Be sure to measure hallway openings, corners, and stairway height. Know all of these before you leave for Ikea. Wouldn’t you hate having to turn around and return everything because it doesn’t fit around a tight corner in your home.
6. Know Before You Go
The closest Ikea to my home is about an hour away. I would hate to drive all that way to find out the coffee table I want is unavailable. If you’ve done your homework, you can find this out easily.
- Go to Ikea.com and open the page to the item you want to purchase.
- Find the store you plan to visit and check the inventory. It will give you an inventory prognosis. Click on the button that says: Click Here to View Stock Prognosis.
- The image below gives you the best estimate of product availability for the the next few days. It’s not a guarantee, but it certainly lets you know if something is out of stock.
- The image also lets you know the Aisle and Bin number where you can find the item. We always carry this information with us when we go to Ikea. It helps if you are short on time and want to pop in, pick up your item, and checkout.
Lastly, the exact size of the packaging is available online. Click on Product Information and scroll to the bottom of the page. There you will find the exact measurements of the packaged item. It’s a good idea to know if the package will even fit into your vehicle.
7. Verify the Article Number for Each Item
You’ve executed your Ikea Shopping Plan and now know what you want to purchase. Knowing the Aisle number and Bin number only get you to the exact location of the item you want. Keep in mind that there are a ga-zillion things in the Ikea warehouse. You’re going to need to think and choose carefully.You’re on the correct Aisle, you’ve found the correct Bin. Don’t just grab and go. Notice how there are these red arrows that go Up and Down. Pay attention to this because many of the packages are similarly shaped.
Be sure to choose your selection from the correct Bin and then verify all numbers and the color.
- Snap a photo of the item in the Showroom. It will have the Article, Aisle, and Bin numbers so you can verify before loading your cart.
- Or, find the item online before you leave home.

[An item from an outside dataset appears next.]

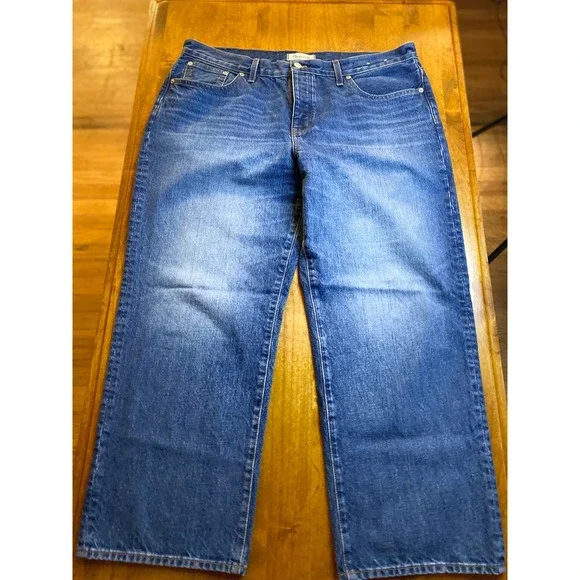 Madewell Low Slung Straight Jeans Button Fly Medium Wash Denim 32P - Picture 3 of 14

This information is available from Ikea’s website. I write the Article numbers down before I leave home. I recommend this because the cell service in Ikea can be a bit sketchy.
8. Items with Lots of Parts
Sometimes you select an item that comes in more than one package. This Besta cabinet is a perfect example. Notice all of the different available choices. One wrong selection and you are going to be making a return trip to Ikea.
The way to avoid getting the wrong item is to check availability of ALL pieces before you leave home. It looks like they have the cabinet in stock.
This cabinet has 17 different pieces that you must pick up! (The small coffee table in Step 7 is only one item).
Before leaving the store take a minute and match the 17 items with 10 unique Article Numbers. Wouldn’t you hate to get home and find a drawer front in a different color?
9. Best Time to Shop
It is difficult to look in a catalog, choose an item that needs assembling, and purchase it without seeing it first. That means you will need to take the time to shop at Ikea and see what you like. Study the different furniture lines and see which ones match your style. Ideally, doing this means the store isn’t crowded.
Week days when the store opens are generally a good time to shop. However, we have found that Saturday evening is the best time to shop. The store closes at 9pm, but the crowds start to thin out after 6pm. We usually make an evening of it, get an early dinner, then shop for a couple of hours. We’ve even run into friends doing the same thing!
Ikea is one of those places that can save you a ton of money on home decor and furnishings if you make the most of it. Or it can make you lose your religion. Having a plan insures a successful Ikea visit!